Reporting on Bitlocker encryption method

JTaylor0611 · November 19, 2019, 7:31pm

anyone have any luck with reporting on Bitlocker encryption method for example AES 128, AES 256, etc. I have attempted the following code from here but didn’t have much luck ……any help would be great

tuple string items (integer values of selects ("* from win32_EncryptableVolume") whose(name of it = “EncryptionMethod”) of WMIs “root\CIMv2\Security\MicrosoftVolumeEncryption”) of “N/A, AES 128 With Diffuser, AES 256 With Diffuser, AES 128, AES 256”

alinder · November 19, 2019, 7:34pm

What about this is not working for you? Can you paste the output of a QnA prompt?

JTaylor0611 · November 19, 2019, 7:35pm

this is my result when I try this on my current machine…

Q:tuple string items (integer values of selects ("* from win32_EncryptableVolume") whose(name of it = “EncryptionMethod”) of WMIs “root\CIMv2\Security\MicrosoftVolumeEncryption”) of "N/A, AES 128 With Diffuser, AES 256 With Diffuser, AES 128, AES 256"
T: 20.898 ms

alinder · November 19, 2019, 9:19pm

How about this?

selects ("* from win32_EncryptableVolume") of WMIs "root\CIMv2\Security\MicrosoftVolumeEncryption"

Have you tested it across your install base? When I was doing this in the field I would occasionally see weird computers that claimed that WMI namespace didn’t exist or things like that.
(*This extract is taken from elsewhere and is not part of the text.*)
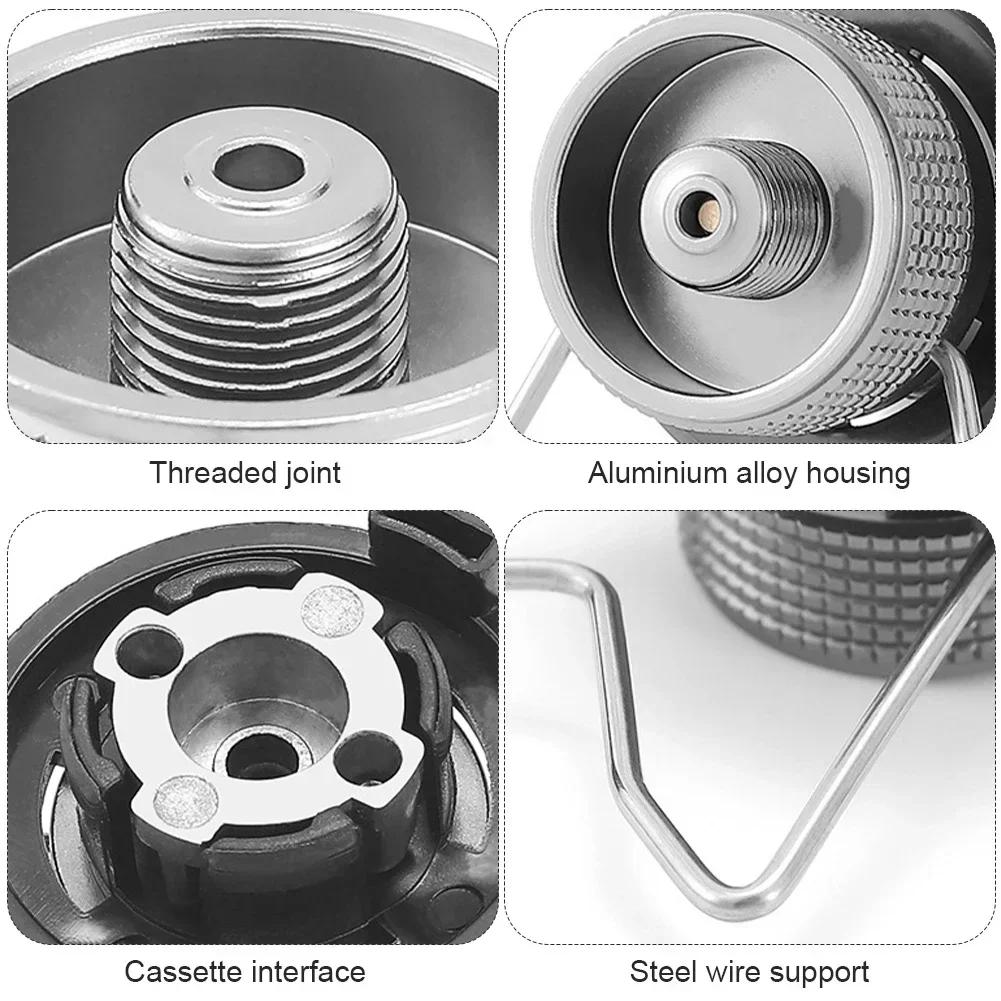 Portable Gas Stove Adapter Anti-Leakage Self-Locking Camping Stove Converter Connector Screw Valve Nozzle Bottle Adapter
For what it’s worth, here are those two relevance clauses against a VM I’m running:

q: selects ("* from win32_EncryptableVolume") whose(name of it = "EncryptionMethod") of WMIs "root\CIMv2\Security\MicrosoftVolumeEncryption"
A: EncryptionMethod=0
T: 24.330 ms
I: plural wmi select

q: tuple string items (integer values of selects ("* from win32_EncryptableVolume") whose(name of it = "EncryptionMethod") of WMIs "root\CIMv2\Security\MicrosoftVolumeEncryption") of "N/A, AES 128 With Diffuser, AES 256 With Diffuser, AES 128, AES 256"
A: N/A
T: 14.075 ms
I: plural string

Maybe you could start as simple as exists wmi and/or exists wmi "root\CIMv2\Security\MicrosoftVolumeEncryption"
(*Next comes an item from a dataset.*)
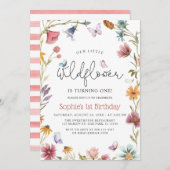バタフライリトルワイルドフラワー1stベビーガール誕生日 招待状 (正面/裏面)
JTaylor0611 · November 20, 2019, 12:04pm

thanks , this is what I ended up using…

string values of selects “EncryptionMethod from Win32_EncryptableVolume” of wmi “Root\CIMV2\Security\MicrosoftVolumeEncryption”

I appreciate the help

jackthrppr · December 26, 2019, 8:51pm

I am running a similar issue. I am using the same code, HOWEVER some machines are reporting the encryption method and some are not. The ones that are not reporting their encryption method are still reporting that they are encrypted though.